企業の外部環境は絶えず変化している。我々はその環境に適応するため、仕事のやり方、顧客との関係、種々のしくみ等の改善を迫られている。
改善は次のような手順で進められる。
現状分析⇒問題抽出⇒原因究明⇒改善活動
- 現状分析・・・決算書(3期から5期)の時系列分析から入り、部門別、店舗別、製品・サービス別、顧客別、営業マン別等の人別等へと分析の範囲を広げてゆく。この場合、ただ広げるのではなく仮説を立てて絞り込みを行ってゆく。また、決算書分析では同業種同規模他社との財務数値の比較が有効である。従業員一人当たりの財務数値の比較もそのひとつである。

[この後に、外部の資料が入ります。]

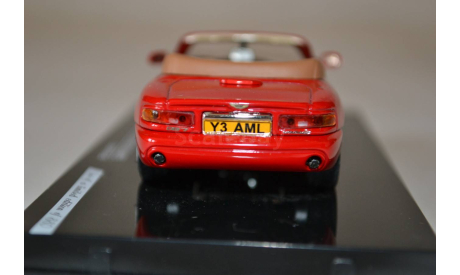 Aston Martin DB7 Vantage Volante (20703), масштабная модель, Vitesse, scale43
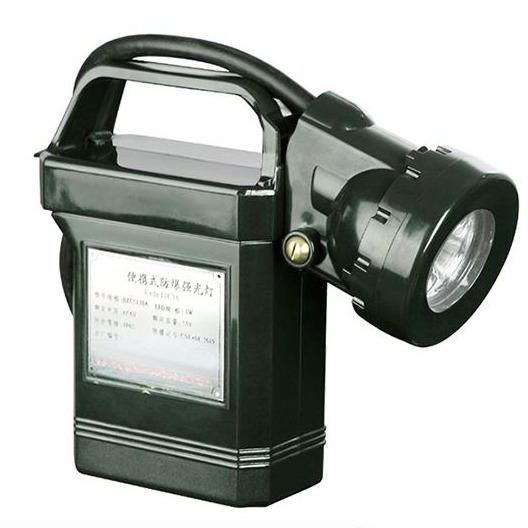 洲创电气BXD6015便携式防爆强光灯  磁力吸附便捷式照明灯  大功率固态免维护工作灯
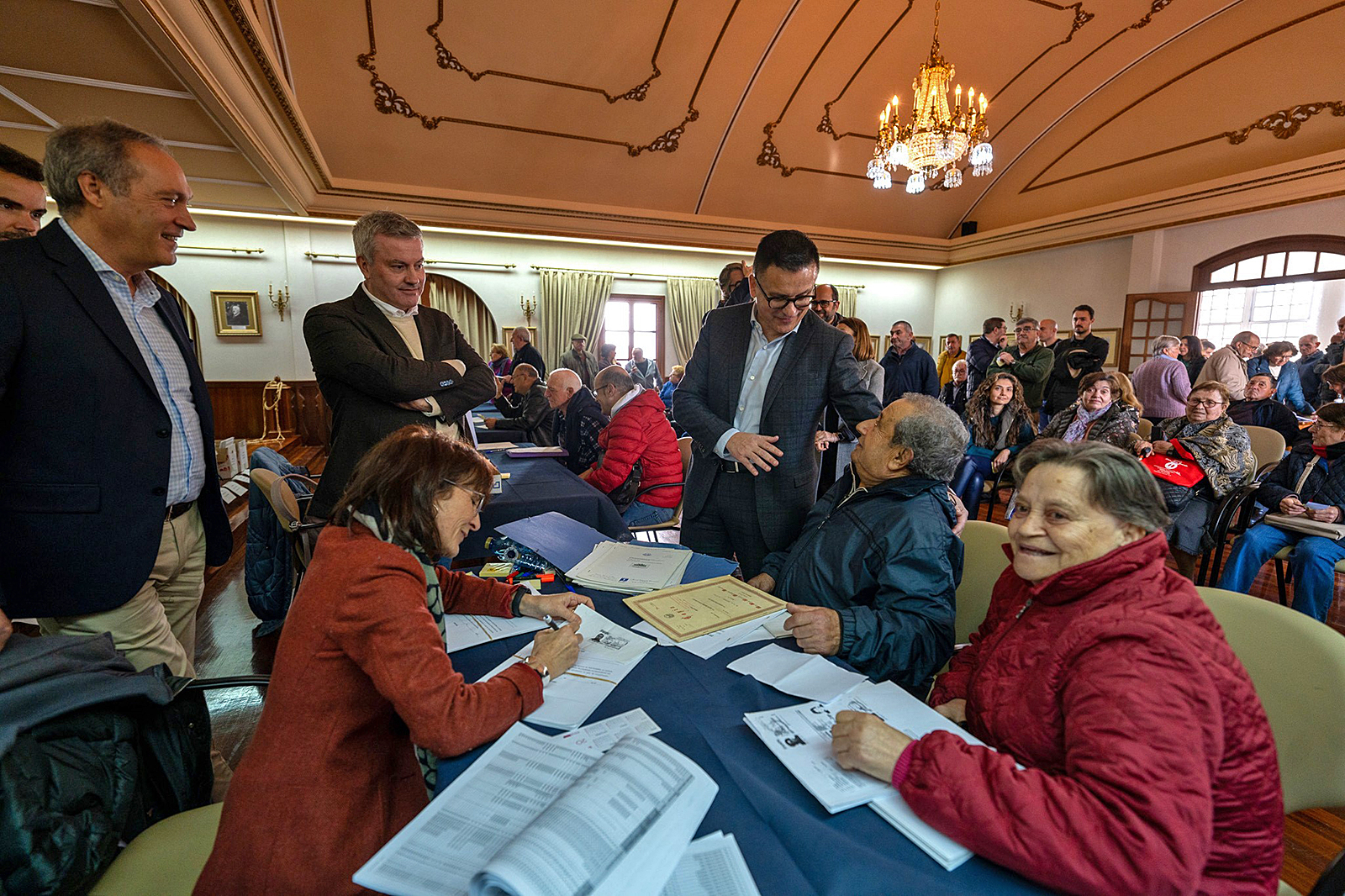 A Xunta remata a parcelaria de Santa María de Oroso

- 問題抽出・・・普通、問題は複数抽出される場合が多いので、絞り込むなりプライオリティーをつけて取り組んでゆく。また、複数の問題が相互に関連している場合も多い。最も多い問題は労働分配率が高いことである。労働分配率は粗利益に占める人件費の割合で示される。「労働分配率が高い」とは、稼ぎのわりに人件費が多いあるいは人件費のわりに稼ぎが少ないことを示している。
- 原因究明・・・上記の問題の原因としては、①アイドルタイム(稼いでいない時間)が多い②稼ぎ手が複数の余計な仕事を持っていて稼ぎに専念できない③社長が自力主義で、自分にしかできないと思い込み、従業員に仕事を振れないため、社長は忙しすぎて管理に専念できない等々
- 改善活動・・・仕事のたな卸しをしてみる。例えば稼ぎ手の仕事を稼ぐ仕事と事務的なルーチンワークとに分けルーチンワークは人件費の安いパートさんにやってもらう等である。
実際には種々のことが関わっておりそう簡単にいかないのも事実です。定期的な計数チェックをお勧めします。「数字を見て考えているとふと気づいたり、見えたりすることがある」とある社長さんが言っておられました。